# [WHAT IS EXPECTED]
Begin at the line below that has "Hey guys, this". Stop after the line that has "Mark number 2: 8", repeating each line exactly and leaving out the pictures.

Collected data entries
============================================================
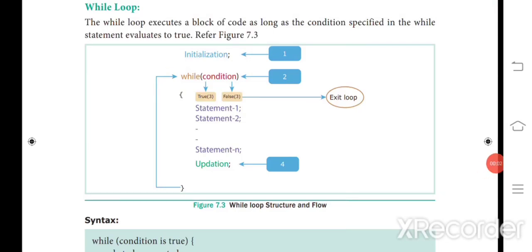Good morning students. This is Chapter 7: Looping Statements. Looping statements are when we execute a block of code multiple times. Under looping statements we have four types: for loop, for-each loop, while loop, and do-while loop. We already learned about for and for-each. Today we are going to see the while loop and do-while loop.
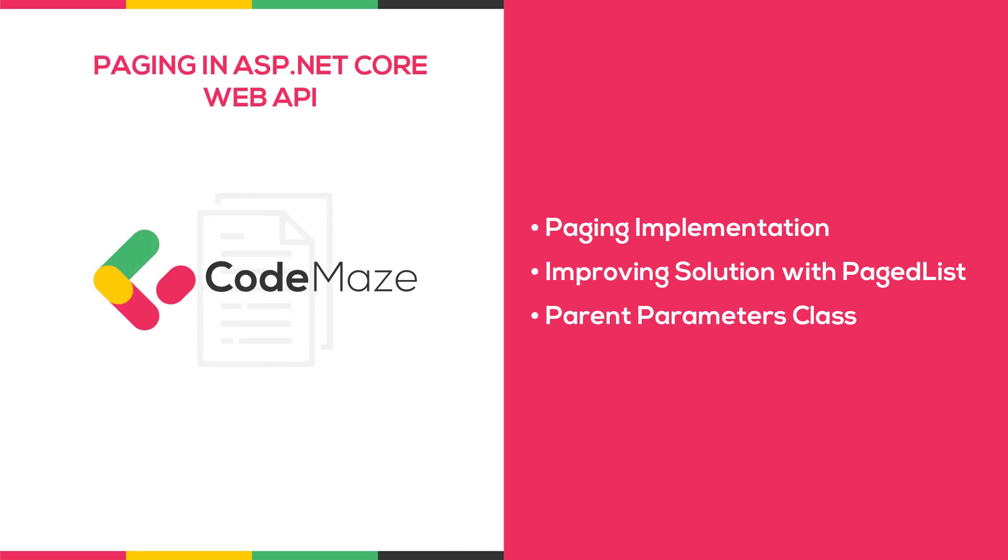In this video, we're going to learn how to implement paging in ASP.NET Core Web API. Paging is one of the most important concepts in building RESTful APIs.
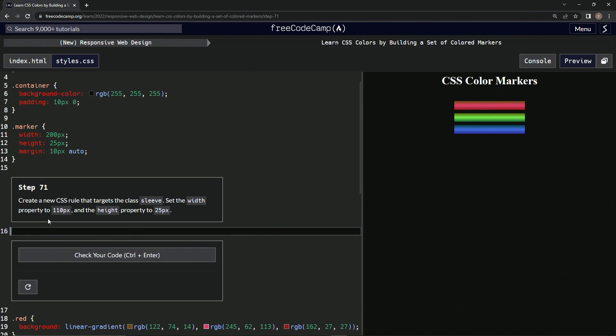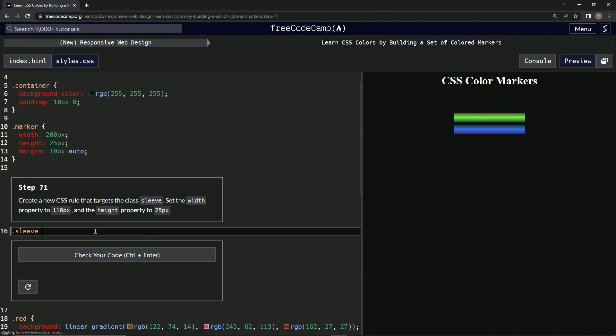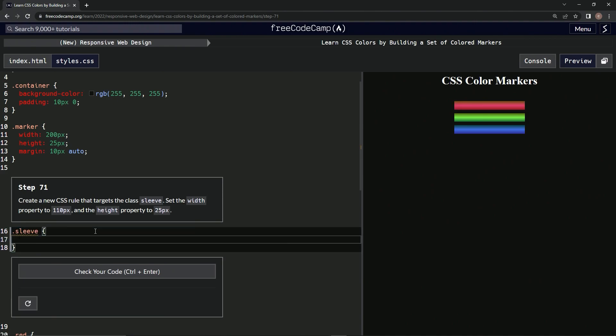We're going to set the width property to 110 pixels and the height property to 25 pixels. All right, so new CSS rule, class sleeve, so dot sleeve like this, and we're going to have width...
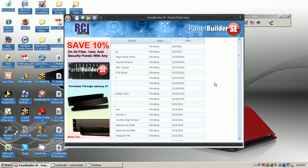When you first open Panel Builder, you'll open to a project portal and this project portal will list all of the designs that you have in the system.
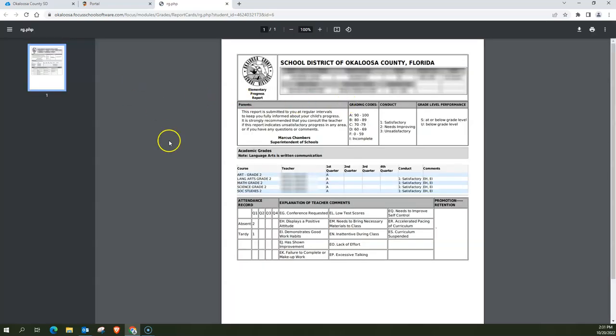When I do that it brings up the report card from the first nine weeks. Now this is the internet version of the parent portal.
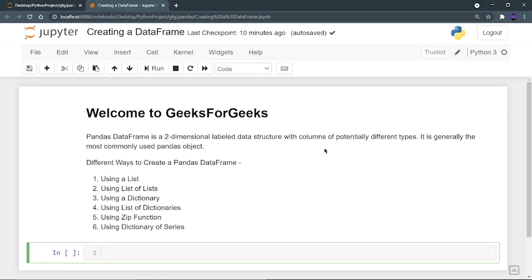Hello everyone, welcome to GeeksforGeeks. In this video, we are going to see how we can create a pandas dataframe using different methods.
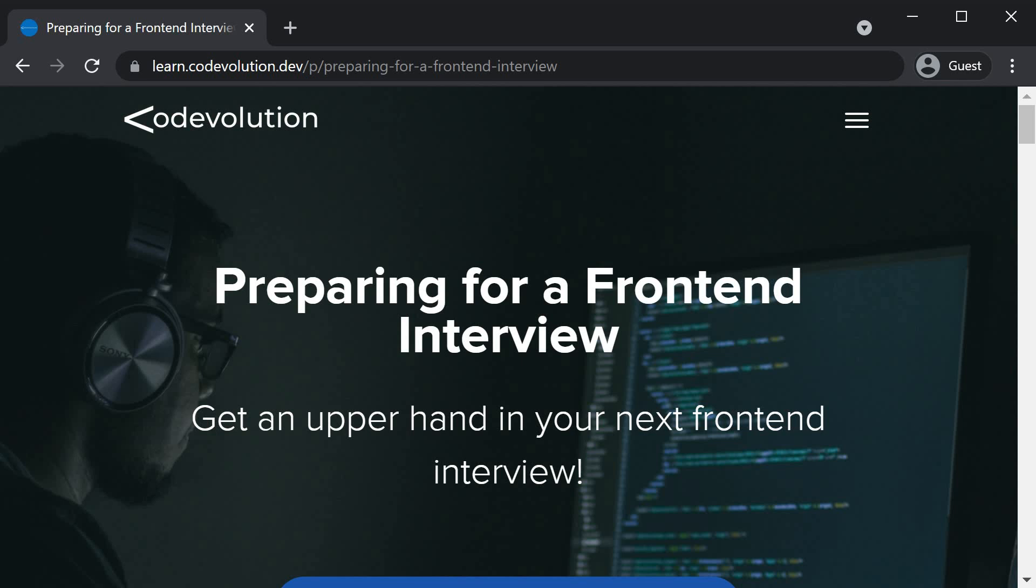Before we get started, I want to quickly let you know that my preparing for a front-end interview course is available at a 50% discount and the link is in the comment section down below.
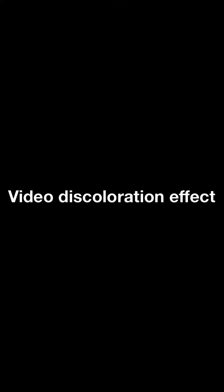Hi, this is Rita from Movie Spirit. Today, I'm going to introduce how to add a discoloration effect to a video.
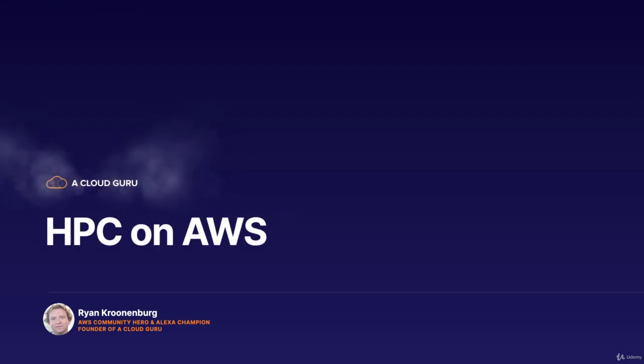Okay, hello Cloud Gurus, and welcome to this lecture. In this lecture, we're going to look at high-performance compute on AWS.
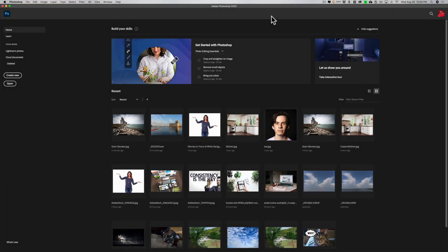Hey guys, this is Anthony Morganti. I am MrPhotographer.com. If you've never used Photoshop but you're thinking of using it, this video is for you because in this video I'm going to go over the top 10 things beginners need to know to use Photoshop.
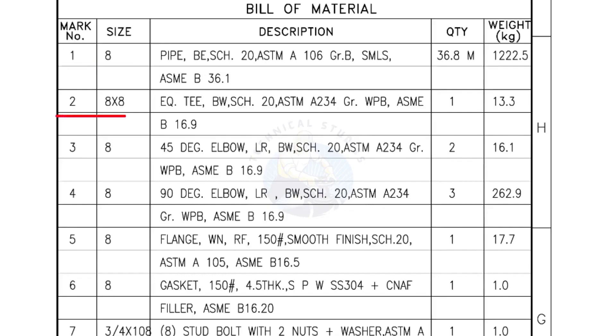Mark number 2: 8 inch by 8 inch equal T, bevel end, schedule 20. Quantity, 1 number.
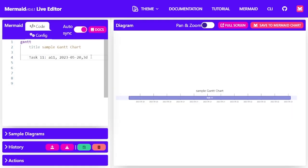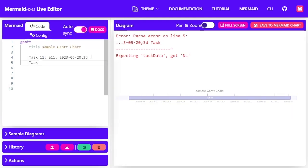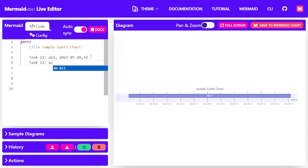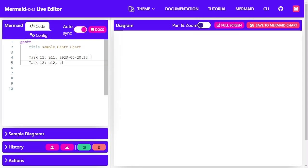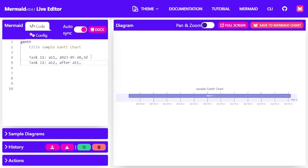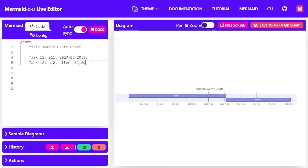And then I'll specify another task, task 1-2. This time I'm going to give it an ID 1-2. Instead of putting a date, I'm just going to say after 1-1, so it knows that it starts immediately 1-1 ends. And then I'll give it the number of days that I want it to span. This time I want it to span for two days. So you can see task 1 spans for three days, and then task 2 spans for two days.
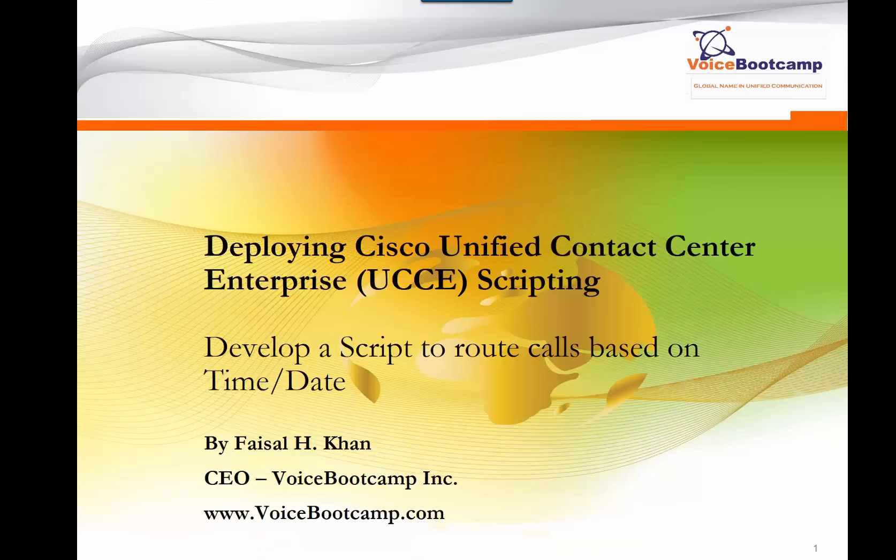Hey guys, welcome back. This is Faisal Khan, CEO and founder of voicebootcamp.com. In this Cisco UCCE scripting self-study kit, I'm going to show you how to develop a script to route a call based on time and date.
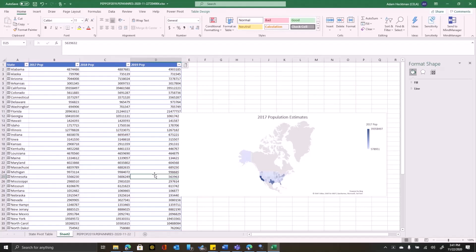Now, let's say that we want to plot on a map median household income for each state along with the number of people in each state that have completed high school education. A lot of times having a static map is fine, but sometimes you want 3D maps.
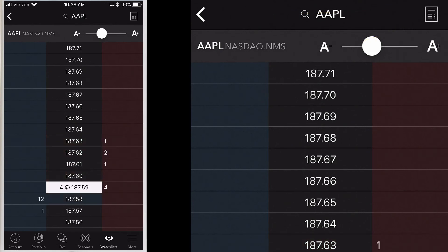Ok, there you have it — trading using IBKR Mobile on your iPhone. We'll cover option trading in another lesson. This concludes lesson 3 in the IBKR Mobile for iPhone online course. When you continue we will give you a short quiz to test your understanding of the material we covered today.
============================================================
# [ANSWER FOR THIS EXERCISE]
Hey guys, this is Anthony Morganti. I am MrPhotographer.com. If you've never used Photoshop but you're thinking of using it, this video is for you because in this video I'm going to go over the top 10 things beginners need to know to use Photoshop.
Mark number 2: 8 inch by 8 inch equal T, bevel end, schedule 20. Quantity, 1 number.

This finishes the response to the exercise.